[Maps-l] Server admin procedures wrt ptolemy and ortelius

Fri Sep 18 12:18:22 UTC 2009

Hi Marcin,

Marcin Cieslak wrote:
>> - Put documentation in our documentation wiki,
>> http://wikitech.wikimedia.org. If you need access, please contact me and
>> I'll get you set up.
> 
> Can you create accounts for Aude and myself (Saper)? Is Ævar there as well?

Yes, I will get the details to you.

> Yes, here are my questions:
> 
> (1) It has been reported that RAID controller has serious stability
> problems (causes kernel abends). I think this should be fixed in the new
> firmware OR the new driver, see below.
> 
> (2) What are the kernel upgrade procedures on the WMF servers?
> (3) What are the OS upgrade procedure on the WMF servers?

<snip>

I like your enthusiasm in managing these systems. :-) However,
especially for the long run I think it would be easiest if you let us
(WMF operations) deal with these system level things, and you
concentrate on the OSM-specific software setup. Otherwise these systems
will naturally diverge from our other servers, and for these production
systems that's something we'll need to avoid.

What we normally do:

We upgrade the OS and kernels on need (features/stability), or when
serious (remote) security issues are identified. We tend to upgrade to
the latest Ubuntu kernel and use that unless we experience problems in
practice. In this case there is indeed an issue with that RAID
controller, so we'll upgrade it. We try to stick with Ubuntu Hardy as
long as we can for miscellaneous servers. If you feel you really need
newer versions for OSM setup, then let us know and we can upgrade it.
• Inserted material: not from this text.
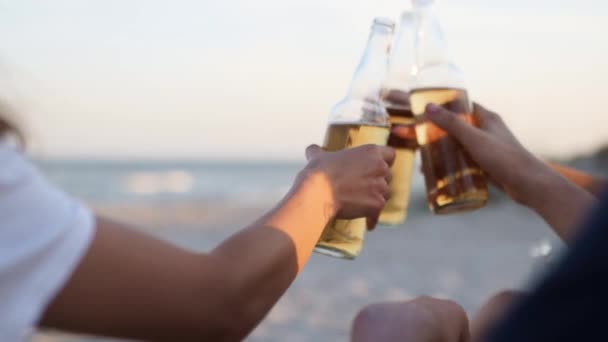 Groupe d'amis ont plaisir à griller, boire de la bière, se détendre sur la plage de la mer au coucher du soleil au ralenti. Jeunes hommes, les femmes aiment boire assis sur un sable lors d'une chaude soirée d'été. Les gens avec de la limonade. — Video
Partitioning: we know that it's traditional to separate /usr /var etc,
but we have found that this usually has very little use in practice, and
is more often a nuisance. These days we put everything in one large
enough / and only split off data partitions on servers where it matters.
Of course your databases should be running off a special partition, but
for the rest there is probably no real need. If you think otherwise and
have good arguments, we can surely change it, of course. We do tend to
use LVM for everything non-root in those cases.

The same holds for the RAID setup: on our databases and big storage
systems, most often we just run it off the same big RAID-10 array. It's
more convenient and flexible and if well-configured the rest of the OS
is not hitting that array much at all. If you feel there is a need, we
can of course change it - but we'll need to reinstall the OS. A
different RAID level would be totally fine as well of course - this is
very much dependent on your needs. I picked RAID-10 as neither Aevar nor
Katie knew what was necessary, and RAID-10 tends to be the best choice
for databases and high performance I/O systems.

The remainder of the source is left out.